I'd like to search text on a lot of websites at once. From what I understand, of which I don't know if I understand correctly, this code shouldn't work well.
from twisted.python.threadpool import ThreadPool
from txrequests import Session
pages = ['www.url1.com', 'www.url2.com']
with Session(pool=ThreadPool(maxthreads=10)) as sesh:
for pagelink in pages:
newresponse = sesh.get(pagelink)
npages, text = text_from_html(newresponse.content)
My relevant functions are below (from this post), I don't think their exact contents (text extraction) are important but I'll list them just them in case.
def tag_visible(element):
if element.parent.name in ['style', 'script', 'head', 'title', 'meta', '[document]']:
return False
if isinstance(element, Comment):
return False
return True
def text_from_html(body):
soup = BeautifulSoup(body, 'html.parser')
texts = soup.findAll(text=True)
visible_texts = filter(tag_visible, texts)
return soup.find_all('a'), u" ".join(t.strip() for t in visible_texts)
If I was executing this sesh.get()
without the extra functions below, from what I understand: a request is sent, and perhaps it might take a while to come back with a response. In the time that it takes for this response to come, other requests are sent; and perhaps responded to before some prior requests.

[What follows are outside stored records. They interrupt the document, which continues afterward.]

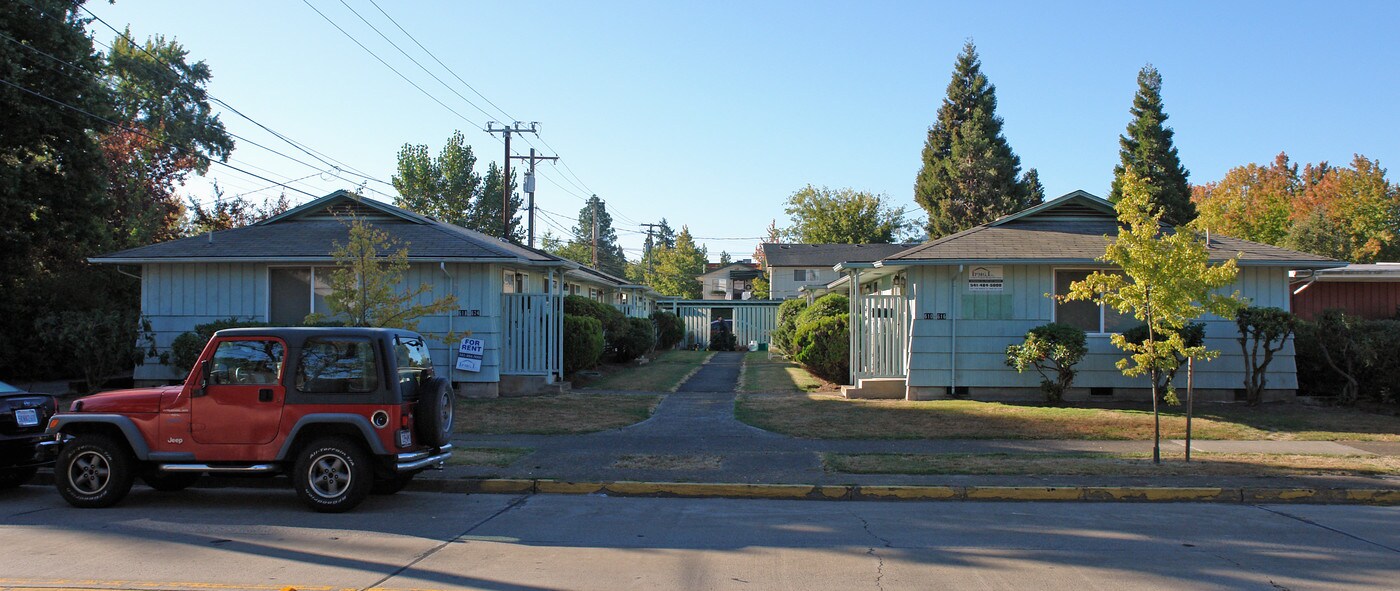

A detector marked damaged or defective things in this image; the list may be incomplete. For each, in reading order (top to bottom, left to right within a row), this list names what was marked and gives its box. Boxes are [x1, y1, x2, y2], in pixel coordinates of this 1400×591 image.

crack in pavement [361, 492, 529, 591]
crack in pavement [845, 506, 890, 591]
crack in pavement [1260, 504, 1400, 554]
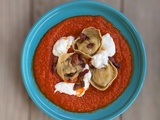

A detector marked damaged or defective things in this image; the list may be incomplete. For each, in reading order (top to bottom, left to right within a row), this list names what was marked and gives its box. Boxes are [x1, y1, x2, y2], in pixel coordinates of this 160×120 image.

charred tortellini [72, 27, 101, 57]
charred tortellini [56, 52, 86, 82]
charred tortellini [90, 61, 117, 91]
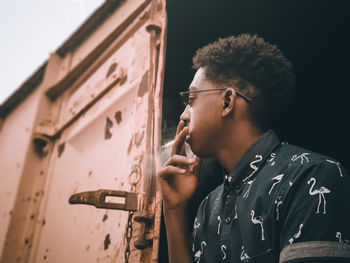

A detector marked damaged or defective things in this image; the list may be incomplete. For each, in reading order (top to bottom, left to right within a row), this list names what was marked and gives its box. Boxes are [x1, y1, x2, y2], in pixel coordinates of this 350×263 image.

rusty metal door [17, 1, 167, 262]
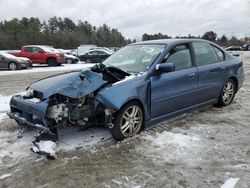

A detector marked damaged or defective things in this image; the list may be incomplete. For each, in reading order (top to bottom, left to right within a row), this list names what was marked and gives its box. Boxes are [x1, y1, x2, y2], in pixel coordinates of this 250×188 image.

crumpled hood [28, 69, 107, 98]
front-end damage [7, 64, 131, 157]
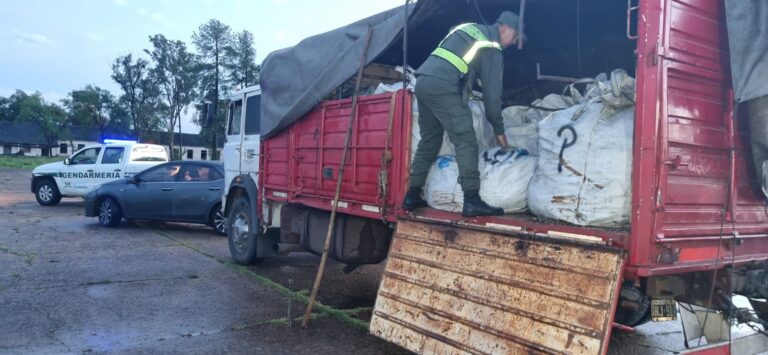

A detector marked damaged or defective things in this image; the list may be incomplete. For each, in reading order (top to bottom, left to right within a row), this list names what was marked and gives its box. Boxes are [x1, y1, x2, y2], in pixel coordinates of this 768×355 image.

rusty truck panel [368, 218, 628, 354]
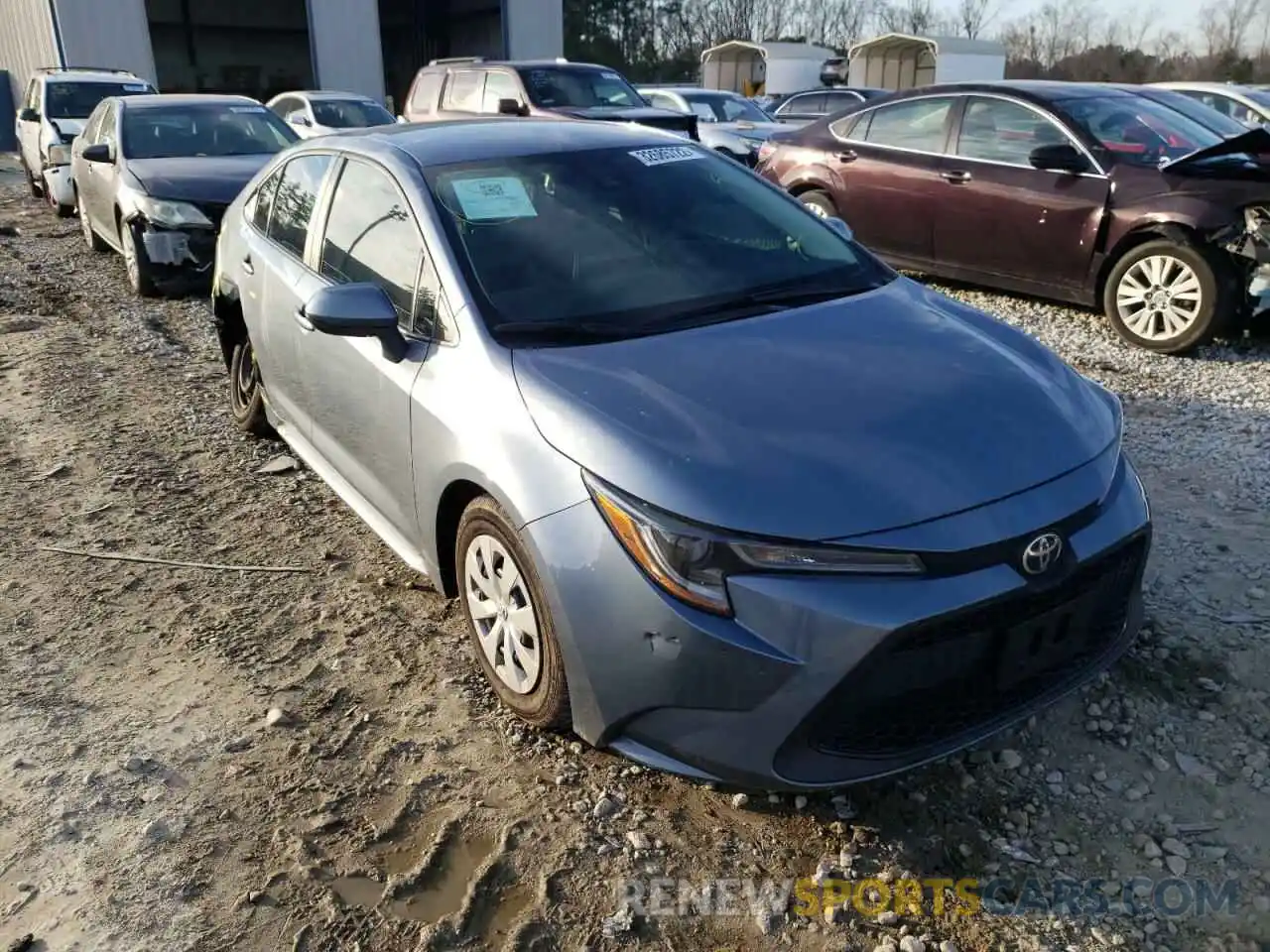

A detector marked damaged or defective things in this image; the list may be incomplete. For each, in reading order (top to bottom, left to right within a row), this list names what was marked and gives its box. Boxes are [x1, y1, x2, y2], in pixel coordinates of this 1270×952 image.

damaged front end [119, 184, 223, 291]
damaged red car [71, 95, 297, 298]
damaged red car [751, 81, 1270, 355]
damaged front end [1208, 205, 1270, 320]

If I was only making requests within my for
loop, this would happen as planned. But if I put functions within the for loop, am I stopping the requests from being asynchronous? Wouldn't the functions wait for the response in order to be executed? How can I smoothly execute something like this?
I'd also be open to suggestions of different modules, I have no particular attachment to this one - I think it does what I need it to, but I realize it's not necessarily the only module that can.